弥生文書

10:fruitless suicidal

(2023/03/09・twitter)



 ある人魚が突然「人間になりたい」と言い出した。

 それを聞いた他の人魚達はびっくり仰天。傍にいる仲間とコソコソ囁きあい、ちらちらと「人間になりたい」人魚を見遣る。「人間になりたい」人魚の顔は真剣だった。元々、冗談など言わない性向の個体である。至極大真面目、心の底からの願いであることは容易に信じられる。けれど。

 壮年の人魚が、戸惑いを押し殺しながら口を開く。

「『人間になりたい』って……上半身は既に、人間のそれだぞ」

「そうだけど。そうじゃなくて」

 脚が欲しい、と人魚は続ける。

「二本の脚を得て、海を出たい」

「なぜ? 人間に恋でもしたか?」

 若輩の人魚が揶揄うような口調で訊ねた。が、浮かべた笑みはぎこちなく、目許は完全に強張っている。他の人魚も似た表情を浮かべた。中には怯えの色をみせる者もいた。

 人間に恋をした人魚が、人間の脚を得る。

 それは余りにも有名な御伽噺である。そして事実に基づいたフィクションでもあった。時代の流れに伴って文体は変化し、内容の一部も円やかな表現となっている。けれど結末は二次創作的に歪曲しない限り、さほど変わらない——悲劇に終わる。
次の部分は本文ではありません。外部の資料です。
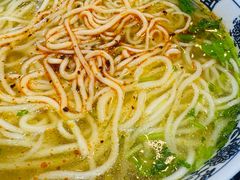 -右安门拉面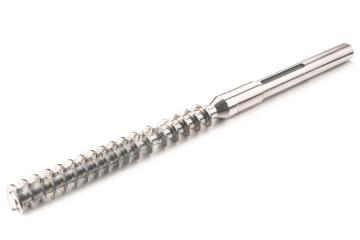 JYS2 Bimetallic PTA Screw Haitian Yizumi Sound Haixing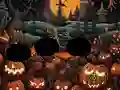 שפּיל Reporter Escaped Halloween Forest אָנליין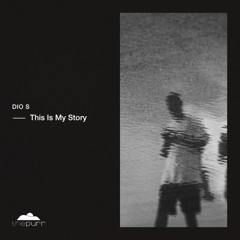 Dio S - Frozen Peaks (Original Mix)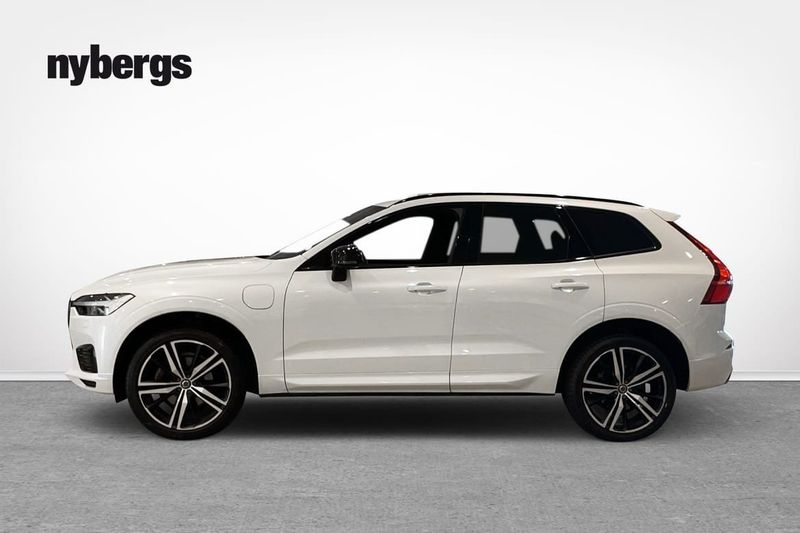 Volvo XC60 bild 2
 だから「人間になりたい」と言われ、人魚達は酷く動揺したのだ。「人間になりたい」人魚は堅物と言ってよいほど真面目で、表情の変化に乏しい個体だけれど、人魚らしく美しい容貌と歌声を持っていた。

 何より、とても素直だった。まるで物を知らない赤子のように。

「恋、はしてない」

「人間になりたい」人魚は、ふるふると首を横に振る。

 けど、と言葉を継いで、おもむろに背後から何かを取り出す。

「これが食べたいの」

 突き出されたのは奇妙な硬さの透明なコップと、白くて薄い素材で出来た手提げかばん、よく分からないものが描かれたカラフルな小袋——所謂、プラスチックゴミだった。昨今の海で度々見かけるそれらは、人魚達が暮らす海域にも漂ってくる。まるで水母くらげみたいに。
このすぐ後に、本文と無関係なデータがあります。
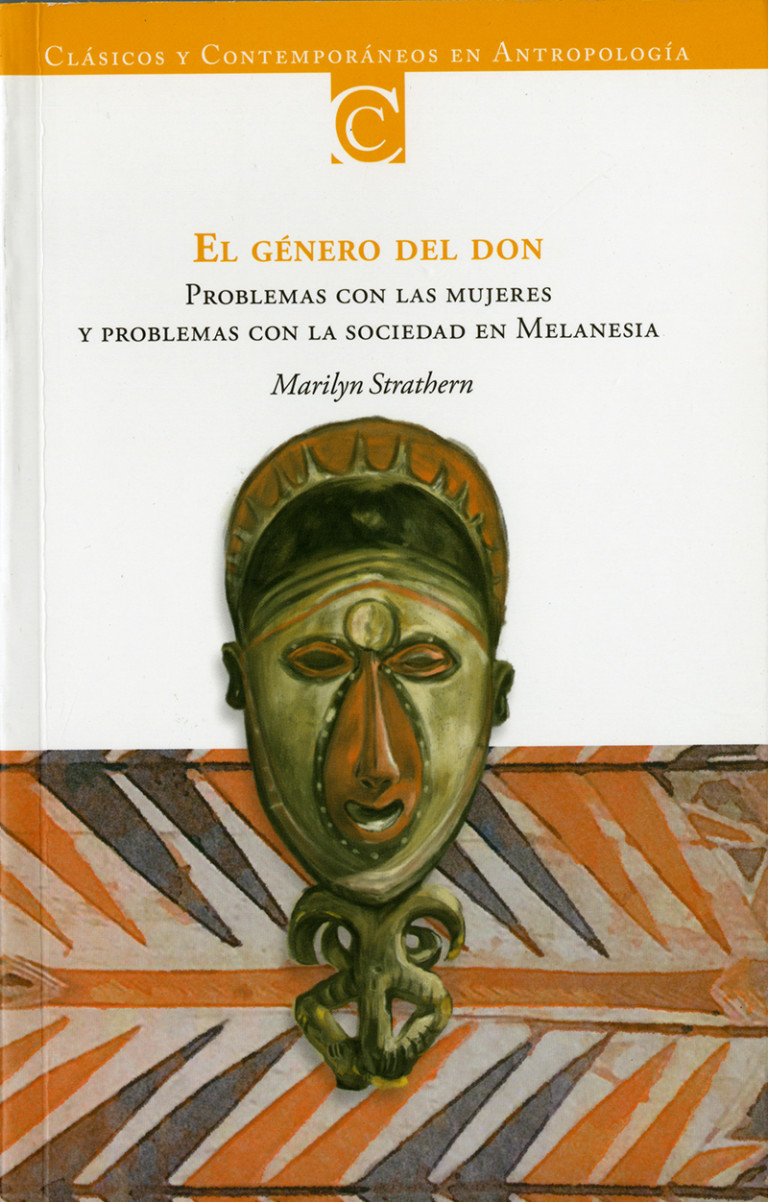 Portada: Género del don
 小袋のイラストは意味不明だが、コップと手提げかばんに記されたマークを人魚達は知っている。それは海域から最も近い海岸にあるカフェのマークだ。パストラミサンドが旨いとは鳶の、フィッシュサンドが絶品とは鴎の言である。

 これが食べたい。そう言った「人間になりたい」人魚と、プラスチックゴミを交互に見、

「つまり……人間の食べ物が食べたいから、声と引き換えに脚を得て陸に上がるってことかい?」

「うん」

 壮年の人魚の問いに、頷きながら返答した「人間になりたい」人魚。仲間達は力のない笑い声を漏らした。その気持ちは安心半分、呆れ半分である。まさか、色気より食い気な理由だとは思わなかった。完全に予想外。
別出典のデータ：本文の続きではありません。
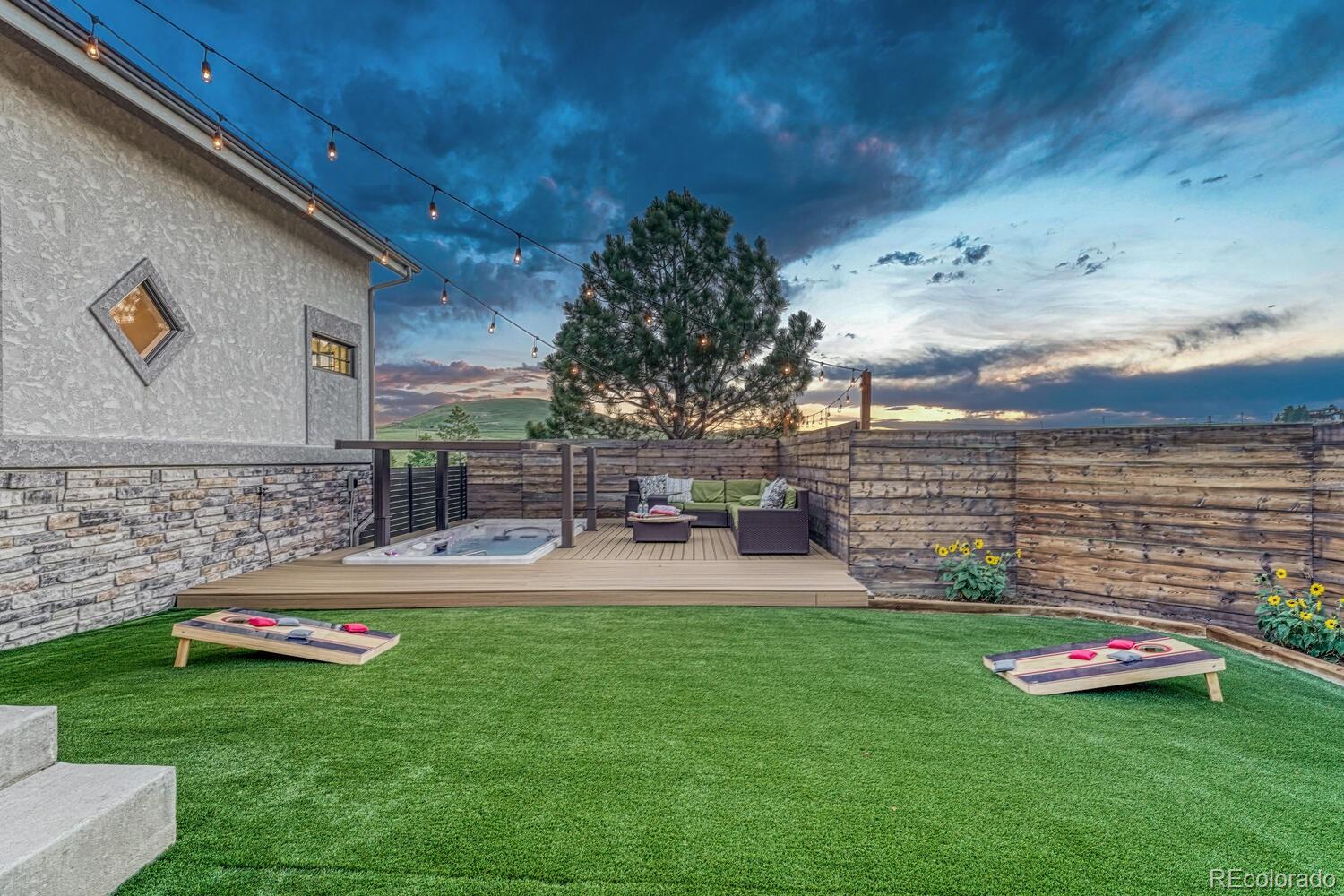 MLS Image #4 for 6234  nautique circle,larkspur, Colorado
 若輩の人魚が「人間になりたい」人魚の肩に、ぽんと手を置く。

「やめとけやめとけ。実際に食ってみて、舌に合わなかったらどうする」

 だいたい、声を無くして、どうやって注文するんだ?

 指摘を受け、「人間になりたい」人魚は若輩の人魚の眼を真っ直ぐに見据える。一分、二分。或いはそれ以上の時間をかけて考えたのち、ひとつ頷いた。

 コップと小袋を手提げかばんに入れ、プラスチックゴミを纏める。